You misunderstood; there is nothing wrong with the metering in this
scenario. The scene had the approximate reflectivity of a grey card.


No, there was; if the meter indicates one stop underexposure, but you can
increase three stops and end up with a proper exposure,


What is "proper exposure"?

then the meter was
actually off by two stops.


No, the meter is dumb, and it puts the mid-key scene at middle grey,
which is not *optimum*, unless your goal is to use a JPEG as-is, or
print directly from the camera. In terms of RAW capture, it is a
relatively poor digitization and/or exposure.

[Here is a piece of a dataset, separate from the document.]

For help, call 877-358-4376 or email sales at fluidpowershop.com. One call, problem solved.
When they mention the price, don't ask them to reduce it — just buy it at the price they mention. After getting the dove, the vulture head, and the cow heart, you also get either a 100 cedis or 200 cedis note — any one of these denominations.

You're comparing "trust the meter" at ISO 200
with "don't trust the meter" at ISO 800, and that's not a useful
comparison, because if you trusted the meter in the first situation
you'd trust it in the second and still underexpose by two stops, but if
you weren't going to trust the meter in the first place (and thus be
willing to go up two more stops from what it said at ISO 800) then you'd
have been willing to do so at ISO 200, too, if you could -- leaving the
choices being either underexpose at 200 or expose properly at 800.

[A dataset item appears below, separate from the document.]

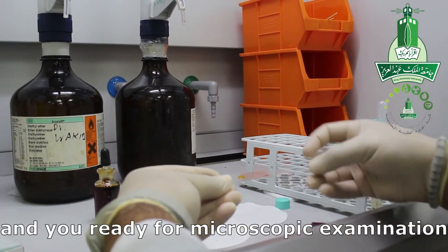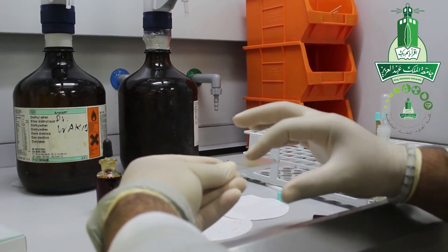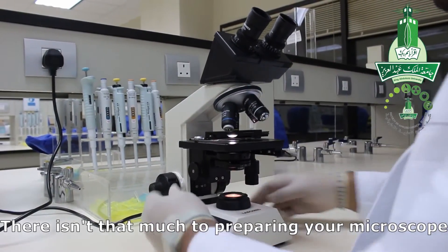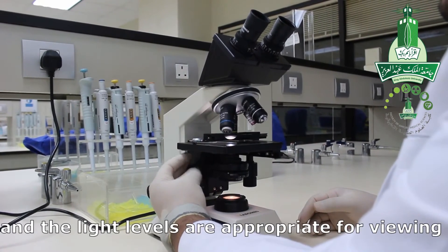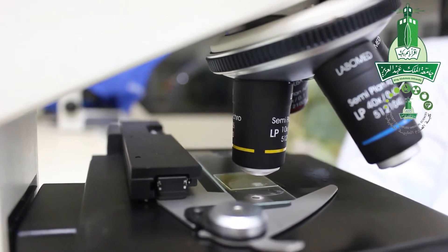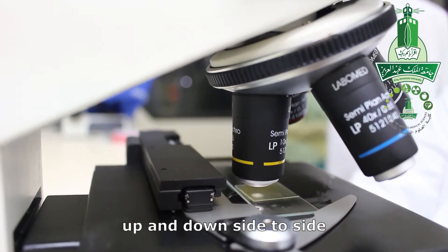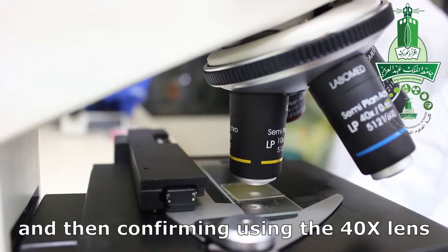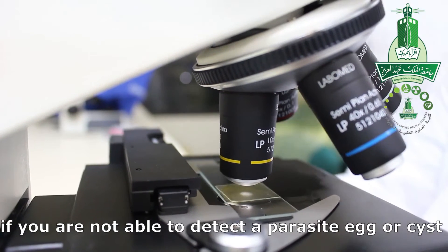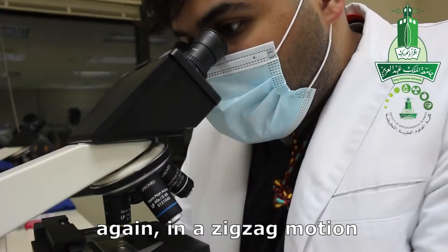You are now ready for microscopic examination. Make sure the light condenser lens and light levels are appropriate for viewing. Start the examination at the 10x lens, moving in a zigzag motion — up and down, side to side. You can then confirm findings using the 40x lens. If you are not able to detect parasites, eggs, or cysts, try again under the 40x lens, again in a zigzag motion.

I clearly stated that we were a stop under because of *NEEDED* f-stop
and shutter speed! You're going to blur the image now?

Let me try another way. Let's pretend the camera is greyscale (no CFA),
to simplify matters. The camera meters a grey card (or the ~18% grey
scene) as if to wind up with an average RAW value of 400 (fairly
typical) out of about 4000 possible levels. At ISO 100, you fall a stop
short of that with your needed f-stop and shutter speed, so the RAW
output would be 200. Using the same aperture and shutter speed (as
needed), with ISO 800, the average now is a RAW value of 1600. If you
used ISO 1600, the average RAW value would be 3200, and you might have a
few brighter spots clipping past 4095.